Join Eng-Tips Forums!
  • Talk With Other Members
  • Be Notified Of Responses
    To Your Posts
  • Keyword Search
  • One-Click Access To Your
    Favorite Forums
  • Automated Signatures
    On Your Posts
  • Best Of All, It's Free!

*Eng-Tips's functionality depends on members receiving e-mail. By joining you are opting in to receive e-mail.

Posting Guidelines

Promoting, selling, recruiting, coursework and thesis posting is forbidden.

Students Click Here

Audio File Question
3

Audio File Question

Audio File Question

(OP)
I just started writing a program that will graph different features of sound waves. At this point I've only writen code to graph the raw data from a uncompressed 16 bit wav file. The graph looks perfect and exactly how I would expect a sound wave to look but for some reason the zero point of the waves is above zero.

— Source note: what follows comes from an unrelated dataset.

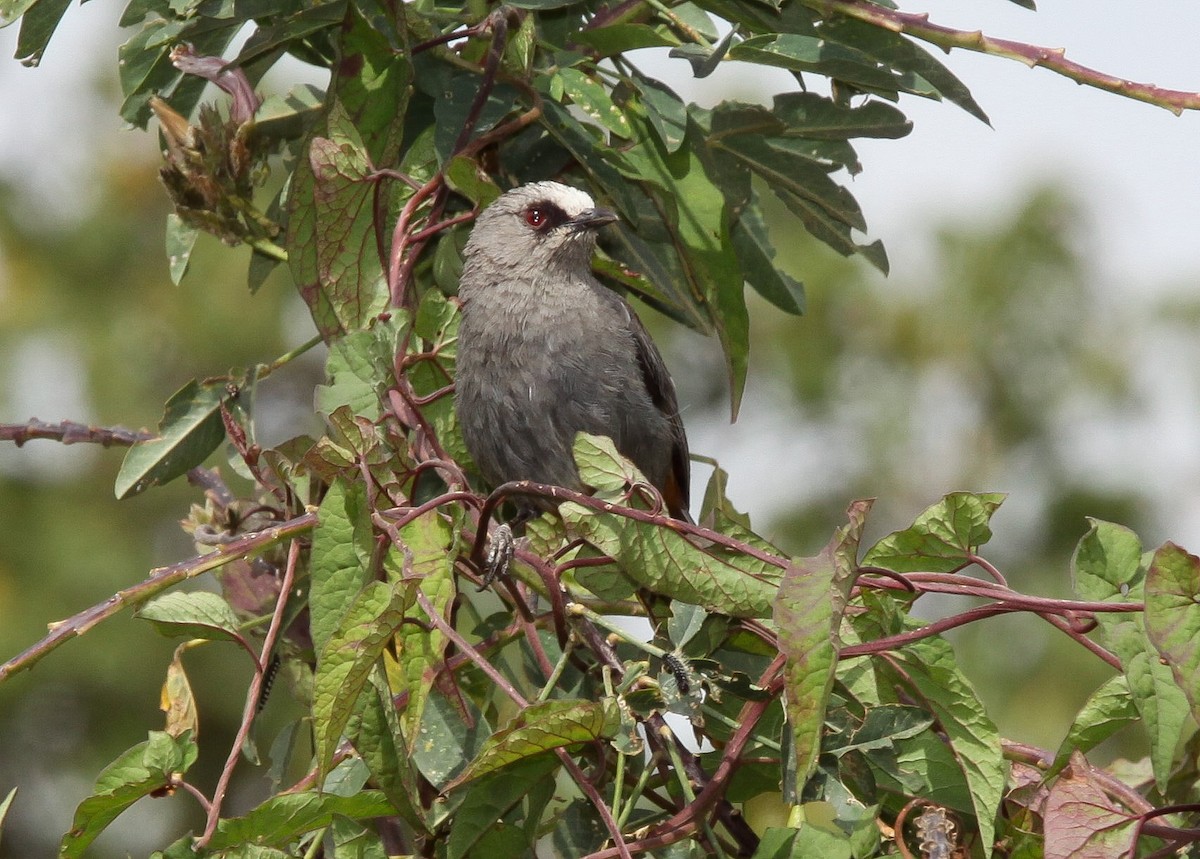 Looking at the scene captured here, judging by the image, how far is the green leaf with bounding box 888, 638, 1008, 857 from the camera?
8.01 ft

I had sort of assumed that when a computer records a 16 bit wav file that zero would represent no pressure change, positive numbers would represent when the pressure incresed above the normal pressure on the cresting side of the sound wave and negative numbers would represent when the pressure decreases below normal pressure. So I sort of expected the total of all the numbers (except for the header) in a wav file to be roughly zero.

So my question is, did I make an incorrect assumption or did I possibly program something wrong?

thank you for your help.

RE: Audio File Question

Hi Mike-

Say, wouldn't it be pretty easy to record a small WAV file
without an input, then run it through your program and
see what pops out on the graph?

At first blush, and I could be absolutely dead wrong, I see no reason for having an "AC coupled" source not have a representation of zero or 1/2 full scale.  However, and here's another area where I could be dead wrong, the modulation scheme used might be something like a "delta" modulation, where indeed, one would expect a "positive" differential of the waveform would be represented with an increasing or "positive" representation while a "negative" differential of the waveform would be represented with a negative representation.  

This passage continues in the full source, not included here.